ALGOL, i.e. -60, was never in: and they're very much different.

However an interesting question is whether The Unisys (nee Burroughs) implementations of ALGOL hew to the -60 or -68 language: I've got limited time to delve into the manuals right now.

I was, however, looking at a 1970ish Burroughs ALGOL compiler a couple of days ago and noticed that they'd not adopted a trivial tweak to the language to eliminate the notorious "dangling else" issue: and that tweak was published by the CACM as "Revised Report on the Algorithmic Language ALGOL 60" in 1963.

So extrapolating from that unfortunate example I'd expect them to still be using ALGOL-60 "warts and all", and a very quick perusal of their ALGOL manual dated 2023 appears to confirm that.

https://public.support.unisys.com/aseries/docs/ClearPath-MCP-21.0/86000098-519/86000098-519.pdf 4-61 p259

with their systems programming language NEWP being structurally similar.

So while ALGOL-68 remains of broad interest to language history nerds, only its influence- on Ada, PL/SQL and so on- is really relevant.

Re: ALGOL-68 is out

nijam

> So while ALGOL-68 remains of broad interest to language history nerds, only its influence- on Ada, PL/SQL and so on- is really relevant.

Actually, Algol-68 was a fairly clean language that addressed some of the hidden assumptions about type abstractions in more widely-used languages.

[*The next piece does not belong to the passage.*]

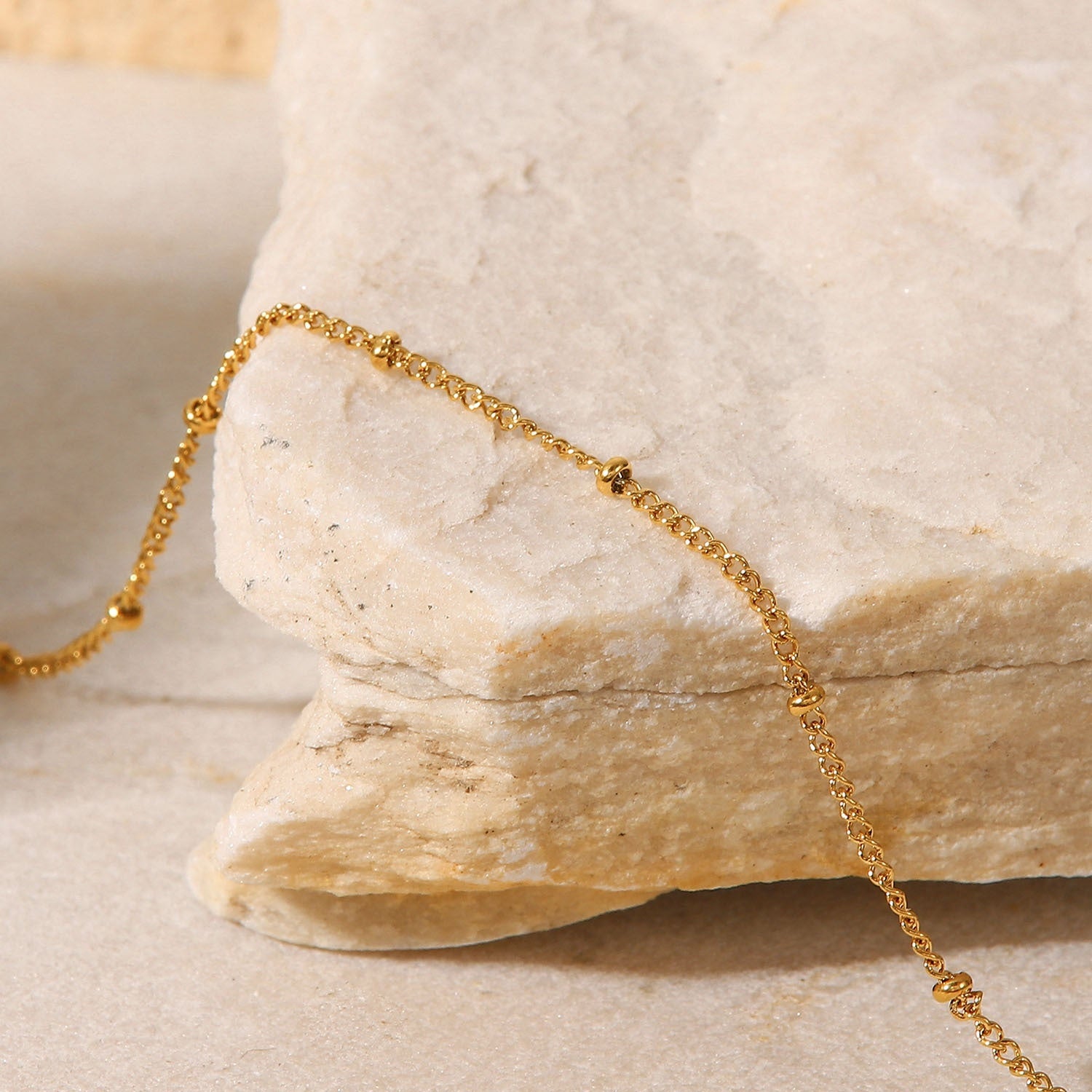 Tobilleras de acero inoxidable con cadena de cuentas de bola clásicas finas de oro de 18 quilates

I'm fairly sure it was never a real influence on Ada and that like, or they would have been the better for it.

And yes, I too was taught Alogol-68 in a formal progrmming course, and it left me uncomfortably aware of the defects in every language I learnt subsequently.

Re: ALGOL-68 is out

MarkMLl

> I'm fairly sure it was never a real influence on Ada and that like, or they would have been the better for it.

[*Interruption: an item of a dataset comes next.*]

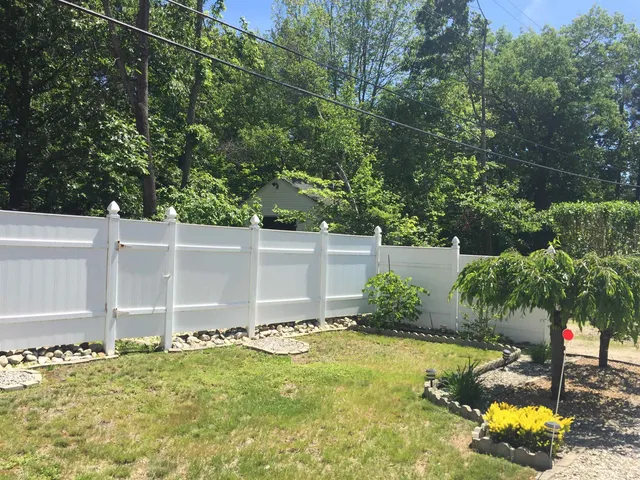 $259,000 | 3 Federal Hill Lane, Lee, NH 03861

That authors of the "Minority Report" on ALGOL-68 i.e. Wirth et al. were contracted by the HOLWG to advise on the early stages of Ada development.

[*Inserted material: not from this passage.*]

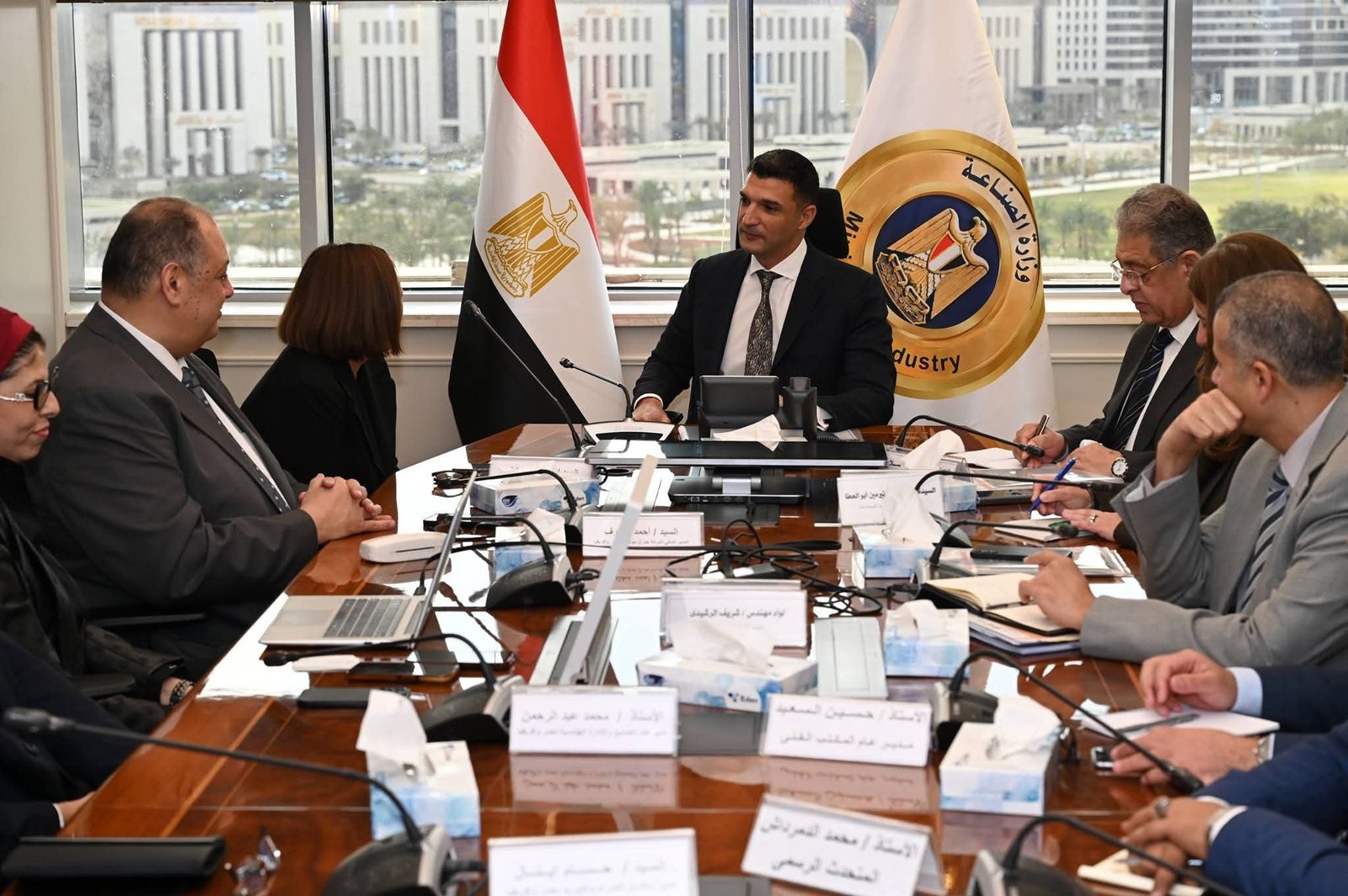 وزير الصناعة يبحث مع جنرال موتورز خططها التوسعية لتعزيز تنافسية صناعة السيارات في مصر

As such, even if they didn't like what ALGOL-68 matured into, they were well-informed on the issues that needed to be addressed by any successor to ALGOL-60.

Re: ALGOL-68 is out

rafff

Re Burroughs "Algol 60"

I once had a job writing a translator from Burroughs Algol to PL/1. As I remember it (it was a long time ago) the Algol dialect was somewhat weird, with instructions for extracting bits from the OS' memory, and a very strange IO system.

Simon Harris

Algol-68 is the only language that I've been formally taught. When I started university in 1982 to study Electronic Engineering, we had to do a 1 term course in programming and, the university having an ICL mainframe at the time, Algol-68 was the language of choice.

It was the Algol 68-R version produced by the Royal Radar Establishment, with user guides produced by the Ministry of Defence.

I have never used it since. Every other piece of programming I did in my university days was either BASIC, Fortran or assembly code.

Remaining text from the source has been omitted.